● **What is required**: Starting at the line that holds "Hockey Graphic T-Shirt - Black Cotton Tee" and stopping at the line that holds "Dark Green Short Sleeve Starlight Midi Dress", restate the records below word for word, with both of those lines included.

Extracted information section start

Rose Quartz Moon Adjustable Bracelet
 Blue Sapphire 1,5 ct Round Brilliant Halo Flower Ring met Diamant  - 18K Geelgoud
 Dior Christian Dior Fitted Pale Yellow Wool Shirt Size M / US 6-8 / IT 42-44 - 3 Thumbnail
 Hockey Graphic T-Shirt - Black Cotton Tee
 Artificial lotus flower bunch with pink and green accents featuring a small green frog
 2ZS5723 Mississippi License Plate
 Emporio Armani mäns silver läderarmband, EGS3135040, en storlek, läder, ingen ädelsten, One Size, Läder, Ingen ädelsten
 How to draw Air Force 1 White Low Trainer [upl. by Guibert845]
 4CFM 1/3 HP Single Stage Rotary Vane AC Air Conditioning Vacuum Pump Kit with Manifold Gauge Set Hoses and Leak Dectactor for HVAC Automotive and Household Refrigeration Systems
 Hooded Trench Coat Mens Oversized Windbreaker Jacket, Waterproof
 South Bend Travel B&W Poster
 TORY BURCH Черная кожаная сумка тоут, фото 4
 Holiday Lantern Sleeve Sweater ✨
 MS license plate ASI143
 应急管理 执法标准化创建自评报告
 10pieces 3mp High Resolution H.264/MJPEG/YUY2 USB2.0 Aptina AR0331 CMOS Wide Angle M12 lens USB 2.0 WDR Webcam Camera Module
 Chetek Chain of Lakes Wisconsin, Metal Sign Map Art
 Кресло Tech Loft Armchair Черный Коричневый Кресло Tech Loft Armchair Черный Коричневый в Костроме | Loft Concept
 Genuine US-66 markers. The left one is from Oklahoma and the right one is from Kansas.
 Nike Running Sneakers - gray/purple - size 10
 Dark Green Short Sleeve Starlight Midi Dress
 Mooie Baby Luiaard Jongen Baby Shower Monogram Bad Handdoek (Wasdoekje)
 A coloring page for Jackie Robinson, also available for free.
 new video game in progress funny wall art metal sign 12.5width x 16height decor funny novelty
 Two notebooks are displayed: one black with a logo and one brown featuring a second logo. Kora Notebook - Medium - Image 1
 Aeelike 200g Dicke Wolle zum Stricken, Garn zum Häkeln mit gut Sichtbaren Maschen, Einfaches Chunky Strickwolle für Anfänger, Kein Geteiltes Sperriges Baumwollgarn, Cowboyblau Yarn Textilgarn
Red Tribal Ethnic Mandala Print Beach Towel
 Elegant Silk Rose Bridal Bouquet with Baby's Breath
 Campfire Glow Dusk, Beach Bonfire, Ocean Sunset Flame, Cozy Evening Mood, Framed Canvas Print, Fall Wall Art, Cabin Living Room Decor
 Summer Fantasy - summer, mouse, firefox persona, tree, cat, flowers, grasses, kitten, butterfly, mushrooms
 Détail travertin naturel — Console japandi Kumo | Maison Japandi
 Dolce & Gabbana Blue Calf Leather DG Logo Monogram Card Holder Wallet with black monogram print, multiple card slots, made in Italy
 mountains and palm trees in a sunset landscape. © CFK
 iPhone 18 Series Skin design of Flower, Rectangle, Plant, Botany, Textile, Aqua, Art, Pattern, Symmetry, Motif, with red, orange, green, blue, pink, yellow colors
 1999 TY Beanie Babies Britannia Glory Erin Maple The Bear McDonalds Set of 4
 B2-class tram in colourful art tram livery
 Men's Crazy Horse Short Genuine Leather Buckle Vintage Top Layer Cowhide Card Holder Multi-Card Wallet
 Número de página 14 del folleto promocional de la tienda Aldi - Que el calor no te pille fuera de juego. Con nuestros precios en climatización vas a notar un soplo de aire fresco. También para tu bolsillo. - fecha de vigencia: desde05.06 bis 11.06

Extracted information section end

● **Written response**:
 Hockey Graphic T-Shirt - Black Cotton Tee
 Artificial lotus flower bunch with pink and green accents featuring a small green frog
 2ZS5723 Mississippi License Plate
 Emporio Armani mäns silver läderarmband, EGS3135040, en storlek, läder, ingen ädelsten, One Size, Läder, Ingen ädelsten
 How to draw Air Force 1 White Low Trainer [upl. by Guibert845]
 4CFM 1/3 HP Single Stage Rotary Vane AC Air Conditioning Vacuum Pump Kit with Manifold Gauge Set Hoses and Leak Dectactor for HVAC Automotive and Household Refrigeration Systems
 Hooded Trench Coat Mens Oversized Windbreaker Jacket, Waterproof
 South Bend Travel B&W Poster
 TORY BURCH Черная кожаная сумка тоут, фото 4
 Holiday Lantern Sleeve Sweater ✨
 MS license plate ASI143
 应急管理 执法标准化创建自评报告
 10pieces 3mp High Resolution H.264/MJPEG/YUY2 USB2.0 Aptina AR0331 CMOS Wide Angle M12 lens USB 2.0 WDR Webcam Camera Module
 Chetek Chain of Lakes Wisconsin, Metal Sign Map Art
 Кресло Tech Loft Armchair Черный Коричневый Кресло Tech Loft Armchair Черный Коричневый в Костроме | Loft Concept
 Genuine US-66 markers. The left one is from Oklahoma and the right one is from Kansas.
 Nike Running Sneakers - gray/purple - size 10
 Dark Green Short Sleeve Starlight Midi Dress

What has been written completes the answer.